# Einstellungshilfe Samsung UE40D6500 Sender benötigt.



## oxoViperoxo (28. Januar 2012)

*Einstellungshilfe Samsung UE40D6500 Sender benötigt.*

Hallo,

ich bin seit gestern im besitzt eines Samsung UE40D6500. Als ich gestern die Sender eingestellt habe, ist mir aufgefallen, dass nur Analoge Sender gefunden wurden. Ist das richtig so? Empfange meine Signale über Kabel (nicht Satellit). Dachte eigentlich das der Fernseher auch Digital empfangen könnte. Habe ich etwas falsch gemacht? Sendersuche war terrestrisch. Muss dazu sagen, dass ich vorher eine einfache Röhre hatte und das nun alles Neuland für mich ist.
Meine Eltern z.B. haben einen Digital Reciever und empfangen auch jede Menge Radiosender usw.. Ich habe nur ca. 32 TV Programme und das wars. Auch kein D-Max.


----------



## Herbboy (28. Januar 2012)

*AW: Einstellungshilfe Samsung UE40D6500 Sender benötigt.*

ALso, ich weiß nicht, wie das bei Deinem ist, aber bei meinem Samsung C650 isses so: Menü, TVEmpfang => erstmal auf Kabel stellen, ansonsten sucht der n#mlich nach DVB-T-Sendern. Danach dann wieder ins TV-Empfang-Menü, dann auf Autom.Senderspeicherung, Antennentyp: Kabel und Sendertyp Digital.


----------



## Dr Bakterius (28. Januar 2012)

*AW: Einstellungshilfe Samsung UE40D6500 Sender benötigt.*

D-Max ist nur zeitweise empfangbar ab 20.00 Uhr auf einem Teleschrotting Kanal ( HSE 24 ). Normal über Kabel gibt es nicht mehr Programme wie die 32. Digitale Sender / HD bekomme ich auch nur per IPTV.


----------



## oxoViperoxo (28. Januar 2012)

*AW: Einstellungshilfe Samsung UE40D6500 Sender benötigt.*

Ach hier wird einem immer geholfen! Vielen Dank Herbboy. Hat so mehr oder weniger funktioniert. 
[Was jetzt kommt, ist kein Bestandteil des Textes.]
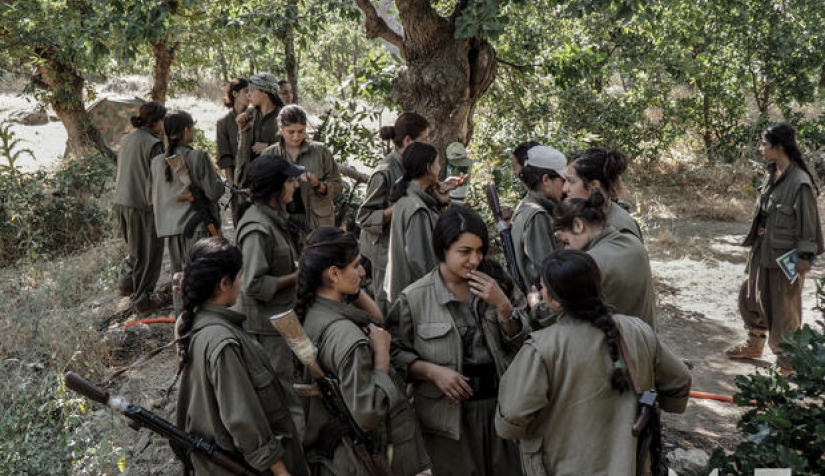 تعرّف على الفتيات المقاتلات في حزب العمال الكردستاني | نون بوست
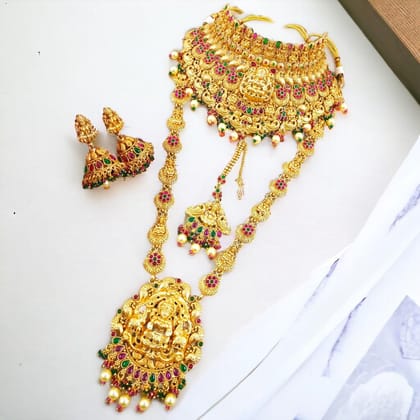 Traditional Gold Jewellery Set with Earrings Traditional Gold Jewellery Set with Earrings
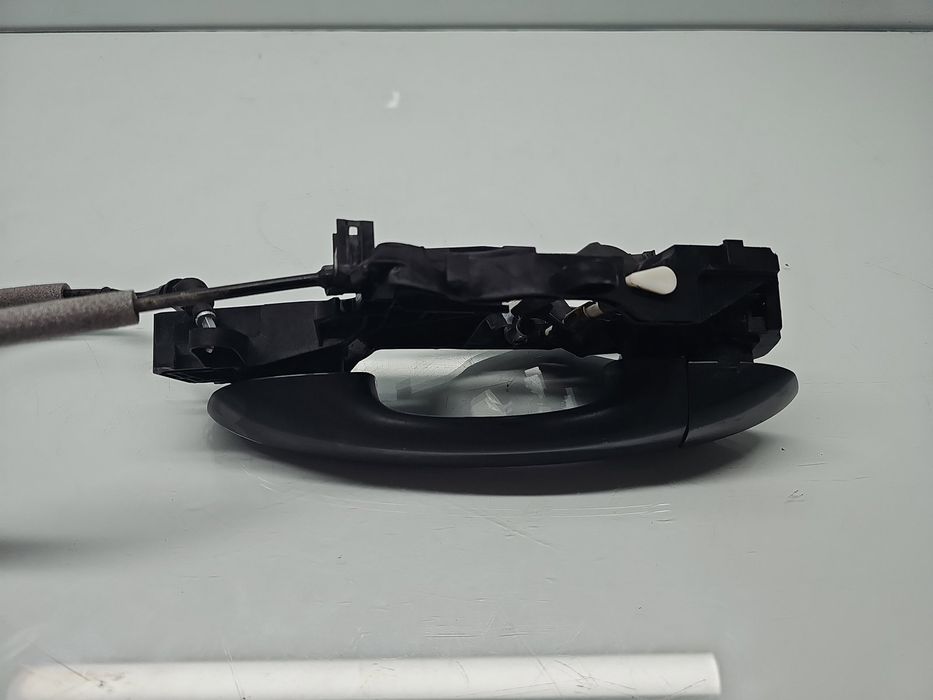 Maner usa dreapta spate Volkswagen Touran (5T1) R-line [Fabr 2015-prez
@Dr Bakterius: Danke auch für deine Antwort.


----------



## oxoViperoxo (28. Januar 2012)

*AW: Einstellungshilfe Samsung UE40D6500 Sender benötigt.*

Hmm, jetzt habe ich aber nochmal eine Frage. 
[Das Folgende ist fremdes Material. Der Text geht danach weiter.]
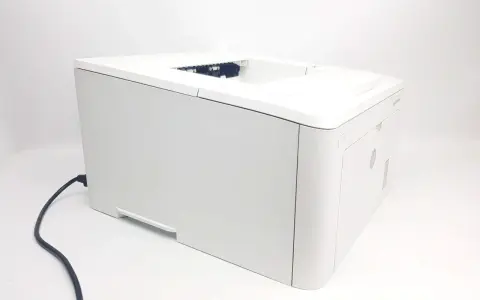 Biała drukarka HP LaserJet Pro M203dn z czarnym kablem zasilającym, gotowa do pracy.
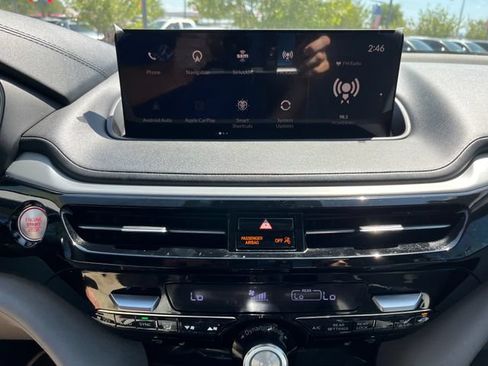 Used 2024 Acura MDX SH-AWD w/ Technology Package image 34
Also wenn ich auf Kabel stelle habe ich über 700 Sender. Z.T. Radio z.T. TV. Aber über Kabel sind so Sender wie Pro Sieben und Co. verschlüsselt. ZDF HD etc kann ich aber anschauen. Schalte ich nun wieder auf terrestrisch um, habe ich da meine 34 Sender aber kein Radio und keine Digitalen Sender mehr. Kann ich nicht beides haben???


----------



## Sturmi (29. Januar 2012)

*AW: Einstellungshilfe Samsung UE40D6500 Sender benötigt.*

Gehts über den integrierten Tuner? Wenn ja, der kann nur entweder terrestrisch oder Kabel, nicht beides. Wegen den Verschlüsselungsproblemen, am besten mal Senderliste auf alphabetisch stellen und z.b. bei ProSieben schaun, da müssten 2 Sender sein. Einer mit HD und verschlüsselt und einer ohne HD und unverschlüsselt.


----------



## oxoViperoxo (29. Januar 2012)

*AW: Einstellungshilfe Samsung UE40D6500 Sender benötigt.*

Ja, geht über den integrierten Tuner. Leider steht unter Kabel nur jeweils 1mal jedes Programm. Also bis jetzt war ich ja ziemlich begeistert von dem TV, aber immer blöd umschalten von terrestrisch zu Kabel und zurück ist ja mal voll für die Tonne


----------



## Herbboy (29. Januar 2012)

*AW: Einstellungshilfe Samsung UE40D6500 Sender benötigt.*

Was für einen Anbieter hast Du denn? Haben Deiner Eltern einen Receiver vom Anbieter oder vlt. sogar Receiver UND eine Smartcard? Es gibt nämlich Anbieter, die Free-DVB-C nur die öfftl rechtlichen haben. zB Unitymedia. Für den Rest muss man 4€ pro Monat zahlen und bekommt dafür dann eine smartcard inkl. CI-Modul, welches dann in den Schacht deines LCDs kommt.


----------



## oxoViperoxo (29. Januar 2012)

*AW: Einstellungshilfe Samsung UE40D6500 Sender benötigt.*

Hy, also wir haben hier Unitymedia und in dem Receiver meiner Eltern steckt auch so eine Karte. 

Brauche ich nur so eine Karte oder auch wie du erwähnt hast dieses CI-Modul? Und kann man sowas nachbestellen, also eine 2te Karte etc oder muss man dann nochmals 4€ pro Monat zahlen?


----------



## Sturmi (29. Januar 2012)

*AW: Einstellungshilfe Samsung UE40D6500 Sender benötigt.*

Du brauchst ein CI+Modul. Die Karte alleine bringt dir nichts.


----------



## Herbboy (29. Januar 2012)

*AW: Einstellungshilfe Samsung UE40D6500 Sender benötigt.*

Ja, am besten mal UNitymedia kontaktieren. Ich hab wie gesagt das Modul + Karte für 4€ im Monat, am Anfang zahlt man einmalig 30-40€ - jedenfalls war das letztes Jahr so. Wichtig ist, dass Du erwähnst, dass in Deinem Haushalt schon eine Karte vorhanden ist - es kann sein, dass eine zweite Karte günstiger ist.

Hier: http://www.unitymedia.de/produkte/fernsehen/hd-modul.html  und dann halt fragen, ob es vlt. günstiger ist, wenn im Haushalt schon TV-Basic gebucht ist. So ein Modul Du so oder so nehmen, weil da die Karte reinkommt. Und da das passende Modul separat gekauft ab ca. 100€ kostet, hab ich halt lieber monatlich gebucht. Ich weiß auch gar nicht, ob man NUR eine Smartcard bekommen kann ^^


----------